This is not a super easy thing to handle. Here are what we deal with:
I have built this function (for pass_gen.pl). Can you think of a better way to do this? It returns the number of utf-16 (2 byte) characters required. It is a replacement for length($s)

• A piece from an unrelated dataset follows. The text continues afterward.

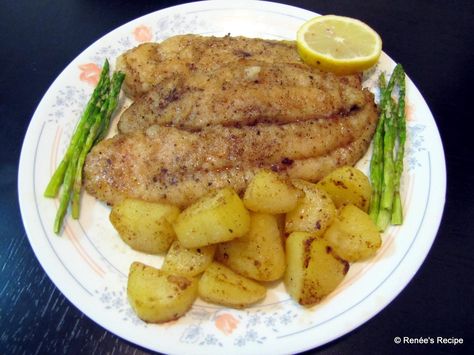 Creamy Dory in Butter and Lemon sauce with boiled Potatoes and Asparagus... Great for Fridays. :) Cream Dory Recipe, Dory Recipe, Dory Fish Recipe, Cream Dory, Potatoes And Asparagus, Dory Fish, Yummy Seafood, Weekend Dinner, Easy Healthy Meal Prep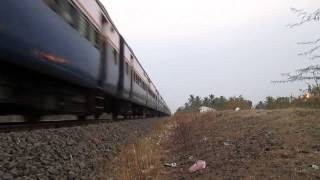 Indian Railways: Koyna Express honks with offlink Kalyan 3D!!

sub jtr_unicode_corrected_length {
my $base_len = length($_[0]);
if ($arg_codepage ne "UTF-8") { return $base_len; }
# ok, we need to check each letter, and see if it takes 4 bytes to store. If so,
# then we add an extra character charge against that char (from 1 to 2 utf-16
# characters). All 1 or 2 byte characters were already handled by length() call.
my $final_len = $base_len;
for (my $i = 0; $i < $base_len; $i += 1) {
my $s = substr($_[0], $i, 1);
my $ch_bytes = Encode::encode_utf8($s);
if (length($ch_bytes) == 4) { $final_len += 1; }
}
return $final_len;
}
This 'seems' to work properly:
len=16 mylen=32 from _𠱸𠲖𠳏𠳕𠴕𠵼𠵿𠸎𠸏𠹷𠺝𠺢𠻗𠻹𠻺𠼭_
u0-dynamic_29:$dynamic_29$232fe2dbf22e57e63442c8b7c1c97f0a:0:0:𠱸𠲖𠳏𠳕𠴕𠵼𠵿𠸎𠸏𠹷𠺝𠺢𠻗𠻹𠻺𠼭::
len=17 mylen=34 from _𠱓𠱸𠲖𠳏𠳕𠴕𠵼𠵿𠸎𠸏𠹷𠺝𠺢𠻗𠻹𠻺𠼭_
u1-dynamic_29:$dynamic_29$e08f57223c1cb0f69939a0e22fba16b9:1:0:𠱓𠱸𠲖𠳏𠳕𠴕𠵼𠵿𠸎𠸏𠹷𠺝𠺢𠻗𠻹𠻺𠼭::
len=20 mylen=40 from _𢴈𢵌𢵧𢺳𣲷𤓓𤶸𤷪𥄫𦉘𦟌𦧲𦧺𧨾𨅝𨈇𨋢𨳊𨳍𨳒_
u2-dynamic_29:$dynamic_29$a5df3aa73256944f47a0ab36b9a5e812:2:0:𢴈𢵌𢵧𢺳𣲷𤓓𤶸𤷪𥄫𦉘𦟌𦧲𦧺𧨾𨅝𨈇𨋢𨳊𨳍𨳒::
len=20 mylen=40 from _𢳂𢴈𢵌𢵧𢺳𣲷𤓓𤶸𤷪𥄫𦉘𦟌𦧲𦧺𧨾𨅝𨈇𨋢𨳊𨳍_
u3-dynamic_29:$dynamic_29$6ab0a31c20266b40cc387649bcffe5c8:3:0:𢳂𢴈𢵌𢵧𢺳𣲷𤓓𤶸𤷪𥄫𦉘𦟌𦧲𦧺𧨾𨅝𨈇𨋢𨳊𨳍::
len=14 mylen=28 from _𠳏𠳕𠴕𠵼𠵿𠸎𠸏𠹷𠺝𠺢𠻗𠻹𠻺𠼭_
u4-dynamic_29:$dynamic_29$c167f5f522d77f231814ffe1b4eddb0e:4:0:𠳏𠳕𠴕𠵼𠵿𠸎𠸏𠹷𠺝𠺢𠻗𠻹𠻺𠼭::
len=20 mylen=40 from _𠜎𠜱𠝹𠱓𠱸𠲖𠳏𠳕𠴕𠵼𠵿𠸎𠸏𠹷𠺝𠺢𠻗𠻹𠻺𠼭_
u5-dynamic_29:$dynamic_29$c45ce126efdbeafb4a0a5390627a7f69:5:0:𠜎𠜱𠝹𠱓𠱸𠲖𠳏𠳕𠴕𠵼𠵿𠸎𠸏𠹷𠺝𠺢𠻗𠻹𠻺𠼭::
len=20 mylen=40 from _𢵌𢵧𢺳𣲷𤓓𤶸𤷪𥄫𦉘𦟌𦧲𦧺𧨾𨅝𨈇𨋢𨳊𨳍𨳒𩶘_
u6-dynamic_29:$dynamic_29$669ee0b6ba7da23f3dbc946913e6ef84:6:0:𢵌𢵧𢺳𣲷𤓓𤶸𤷪𥄫𦉘𦟌𦧲𦧺𧨾𨅝𨈇𨋢𨳊𨳍𨳒𩶘::
len=6 mylen=6 from _burçin_
u7-dynamic_29:$dynamic_29$2264716d785ebbdcf6e5c7d416154aca:7:0:burçin::
The last one is a string with 5 ascii bytes, and 1 utf-8 that fits in 1 utf-16 char. The first set take 4 bytes for each character.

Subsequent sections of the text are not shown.